Recorded data -
BEGIN
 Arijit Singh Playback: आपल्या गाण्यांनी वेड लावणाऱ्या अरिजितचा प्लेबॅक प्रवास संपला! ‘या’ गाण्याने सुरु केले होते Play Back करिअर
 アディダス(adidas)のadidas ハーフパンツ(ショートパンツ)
END
BEGIN
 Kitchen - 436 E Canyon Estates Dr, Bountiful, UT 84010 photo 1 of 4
END
Exercise - Return only the lines between the one holding "Arijit Singh Playback: आपल्या" and the one holding "アディダス(adidas)のadidas ハーフパンツ(ショートパンツ)", inclusive, exactly as they appear above.

Solution to the exercise -
 Arijit Singh Playback: आपल्या गाण्यांनी वेड लावणाऱ्या अरिजितचा प्लेबॅक प्रवास संपला! ‘या’ गाण्याने सुरु केले होते Play Back करिअर
 アディダス(adidas)のadidas ハーフパンツ(ショートパンツ)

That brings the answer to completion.